EXERCISE AIM:
Transcribe the line that contains "Camera stored in" and every line after it to the end of the records, exactly and nothing else. Skip the pictures.
————————
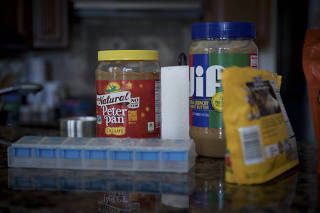 Peanut products sit on the kitchen counter at Carter Grodi?s home in Ocala, Fla.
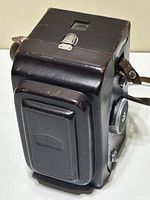 Camera stored in closed brown leather case, silver latch and strap visible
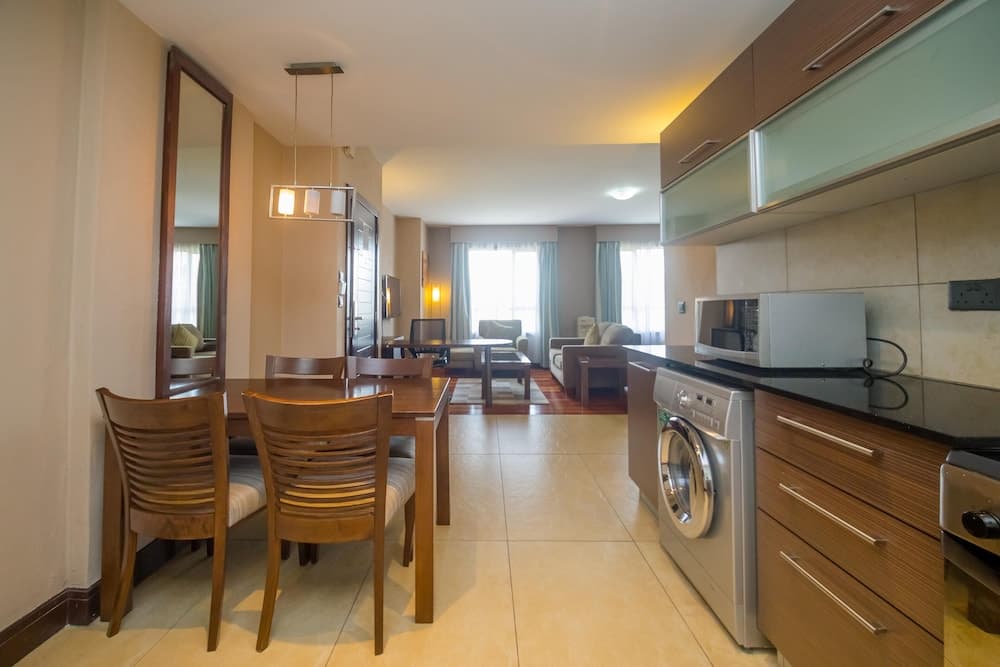 A cozy apartment interior features a well-lit dining area with wooden furniture, a modern kitchen with appliances, and a comfortable living space with large windows, ideal for travelers seeking a home-like stay.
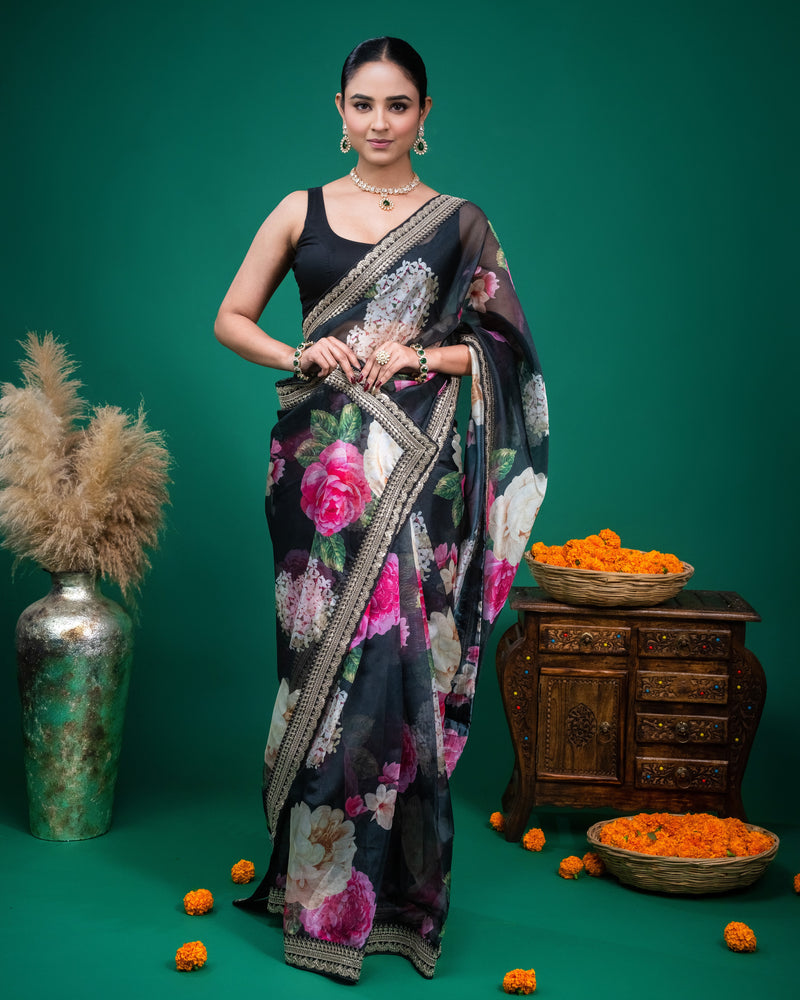 Close-up of a black floral printed organza saree featuring an embroidered zari border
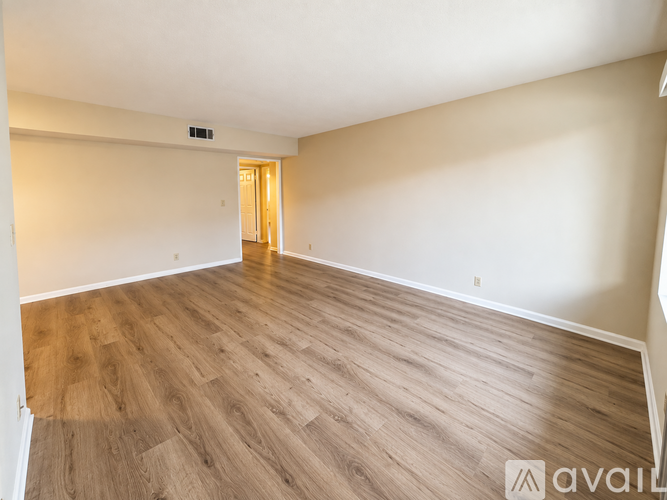 A room with wooden flooring and a doorway leading to another room.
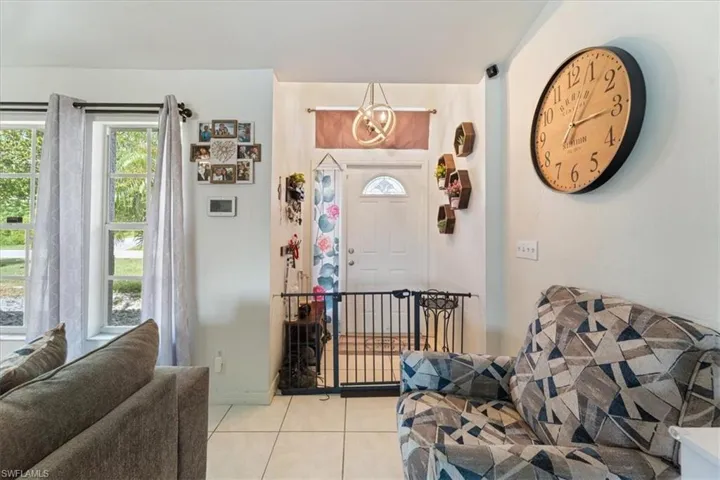 Entryway featuring a decorative pendant light fixture, white door with an arched glass insert, and tile flooring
————————
REPLY:
 Camera stored in closed brown leather case, silver latch and strap visible
 A cozy apartment interior features a well-lit dining area with wooden furniture, a modern kitchen with appliances, and a comfortable living space with large windows, ideal for travelers seeking a home-like stay.
 Close-up of a black floral printed organza saree featuring an embroidered zari border
 A room with wooden flooring and a doorway leading to another room.
 Entryway featuring a decorative pendant light fixture, white door with an arched glass insert, and tile flooring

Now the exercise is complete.